Implement z-test to find the claims made by customer service department are true or false.

In [9]:
response_times = np.array([4.3, 3.8, 5.1, 4.9, 4.7, 4.2, 5.2, 4.5, 4.6, 4.4])

z_statistic = calc_z_statistics_one_sample(response_times)

Sample size: n = 10
Sample Mean: x_bar = 4.57
Sample Standard Deviation: s = 0.41
z_statistic =  35.67


 #### Solution
 
 - There is only one sample, Hence this problem can be solved using one sample z-test

#### Steps to perform Z test:

#### Step1:  (Framing Hypothesis)

  $H_0$: Average response time $\mu < 5$ \
  $H_A$: Average response time $\mu >= 5$ (right tailed test)

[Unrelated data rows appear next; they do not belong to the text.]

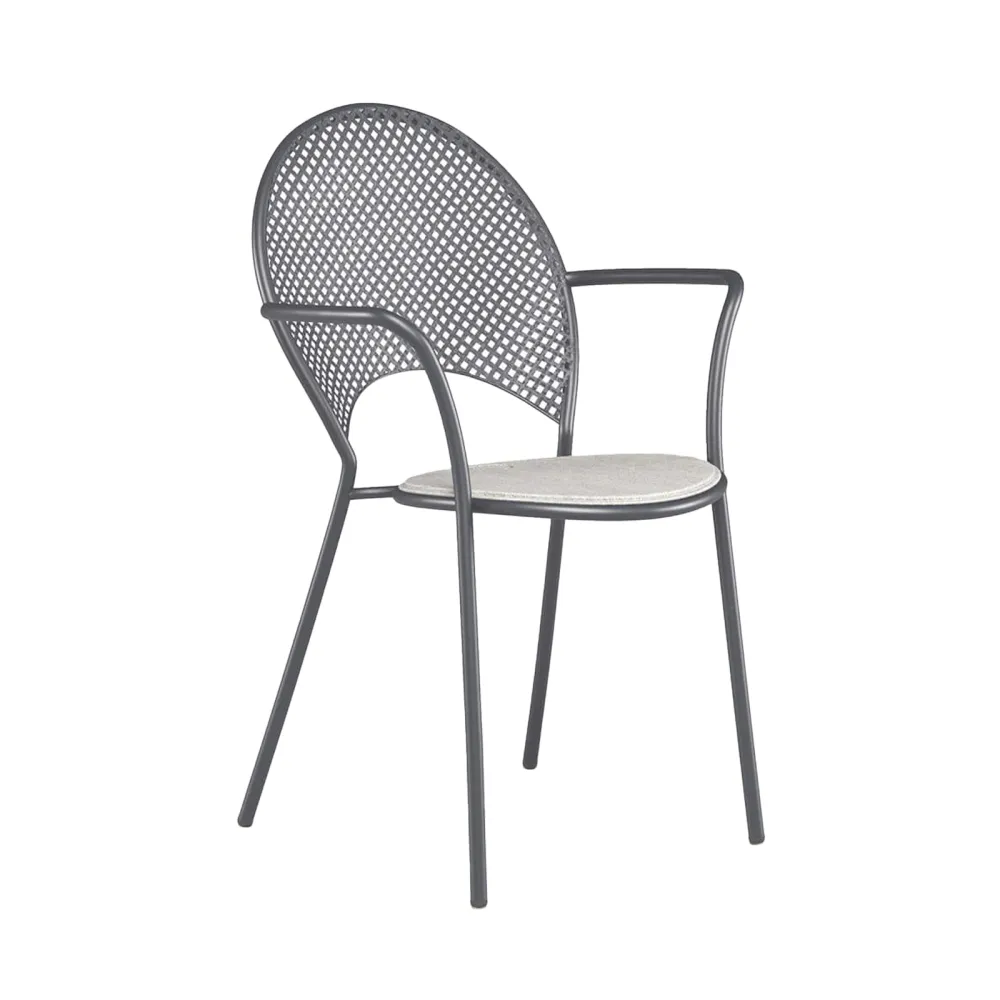 Poltroncina Emu Sole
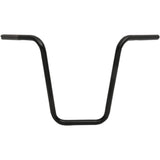 DRAG SPECIALTIES 0601-4201 1" Handlebar — Narrow/Ape Hanger 1" Handlebar - Narrow Ape - 16" - TBW - Black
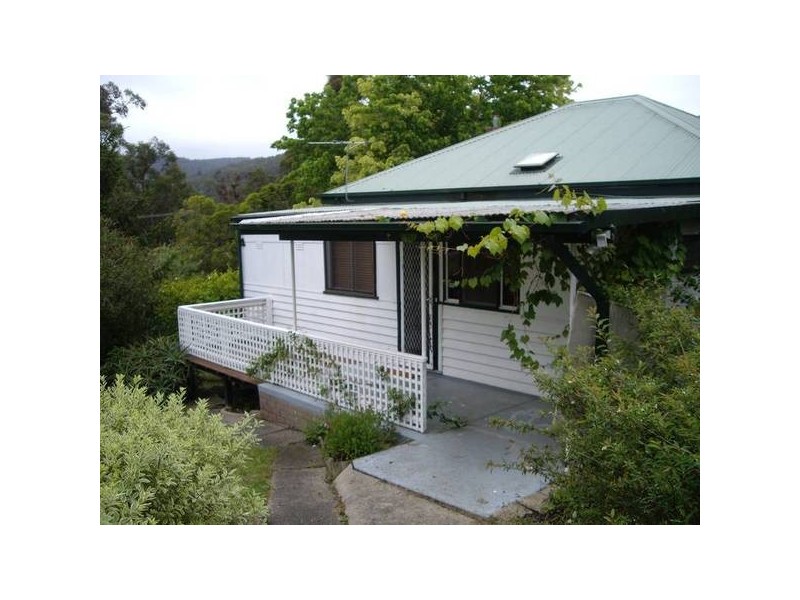5 Reserve Road, Belgrave VIC 3160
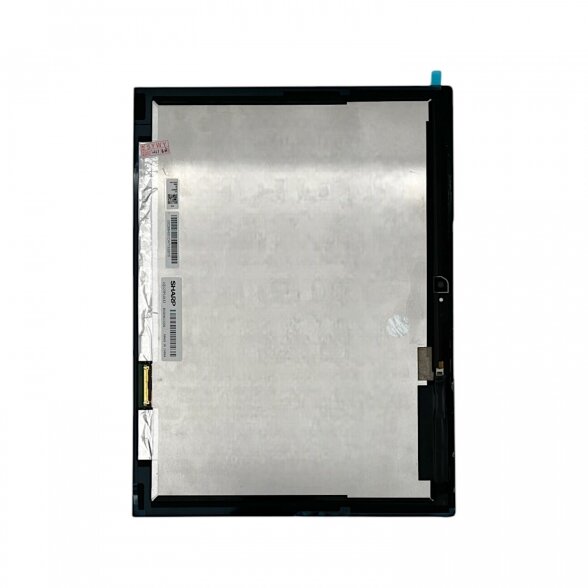 Google Pixelbook (3F0CELASE30) ekranas (Refurbished) 1 Google Pixelbook (3F0CELASE30) ekranas (Refurbished) 1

#### Step2: (Significance Level)

$\alpha = 0.05$

#### Step3: (Calculate Z statistics)

  Customer Service Response time (Sample)

  Sample size n = 10 \
  Sample Mean  $\bar{x}$ = 4.57 \
  Sample Standard Deviation s = 0.41

  We use one sample formula to calculate the z-test statistics:

  $Z = \bar{x} / {s/ \sqrt(n)}$

  $Z = 4.57/ (0.41 / \sqrt {10}) = 4.57/ (0.41/3.16) = 4.57/ 0.1297 = 35.23$

  $Z_{statistcis} = 35.23$
        

#### Step4: (Z critical)

$Z_{critical} ^{0.05}$ from Z-table is 1.64

#### Step5: Conclusion

$Z_{statistics} > Z_{critical}$ So, we reject the $H_0$ hypothesis. i.e., Customer Average response time is > 5 minutes. Customer Service claim is False.